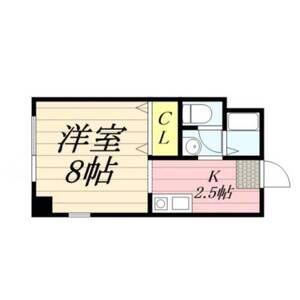 アミティN22(1K/2階)の間取り写真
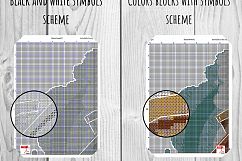 Botanical Art Cross stitch pattern PDF Iris Purple bouqets Product Image 4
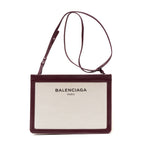 Shoulder Bag Navy Pochette Crossbody Bordeaux Calfskin Leather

What the task requires » A word-for-word copy of all the data is required, minus the pictures.

Task result »
 アミティN22(1K/2階)の間取り写真
 Botanical Art Cross stitch pattern PDF Iris Purple bouqets Product Image 4
 Shoulder Bag Navy Pochette Crossbody Bordeaux Calfskin Leather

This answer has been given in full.